Please copy, word for word, the line holding "Invitación Boda de" and each line that follows it through the end of the entries, omitting any pictures.

(Dataset records)
_ _ _

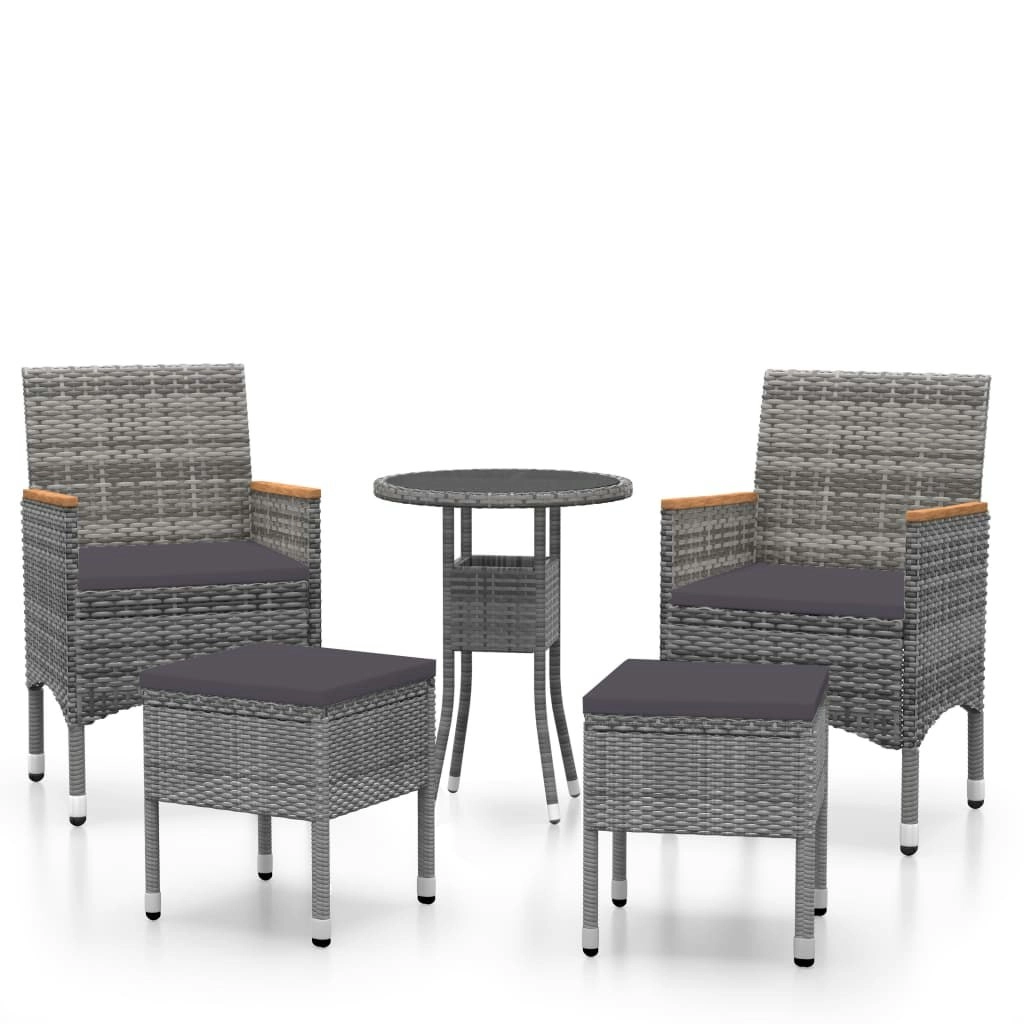 5 Piece Garden Lounge Set Poly Rattan Grey 3058475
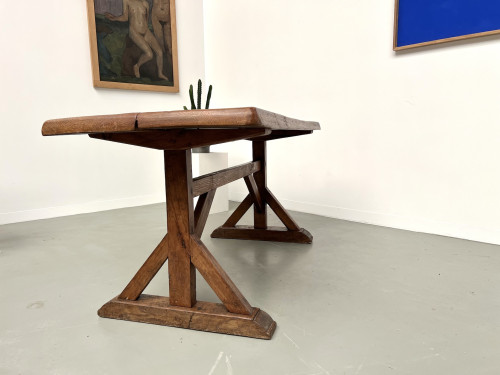 Table brutaliste en chêne du XIXème, vue 18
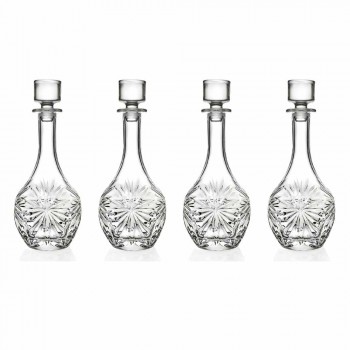 4 flasker med rund design vinstopper i økologisk krystal - Daniele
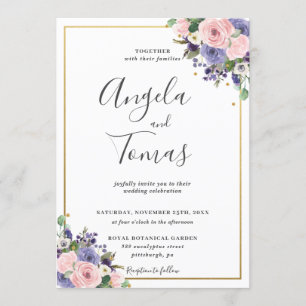 Invitación Boda de vegetación floral morada de lavanda rosa R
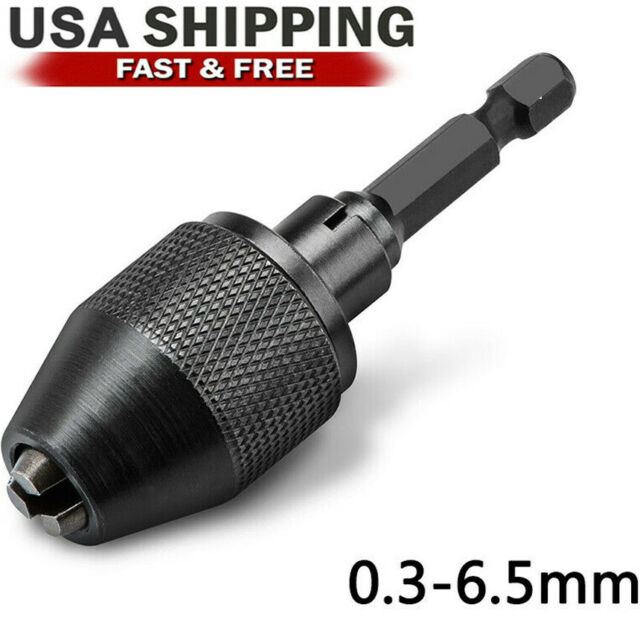 1/4" Keyless Chuck Conversion Hex Shank Adapter Drill Bit Quick Change Driver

_ _ _

### RESULT OF THE TASK
 Invitación Boda de vegetación floral morada de lavanda rosa R
 1/4" Keyless Chuck Conversion Hex Shank Adapter Drill Bit Quick Change Driver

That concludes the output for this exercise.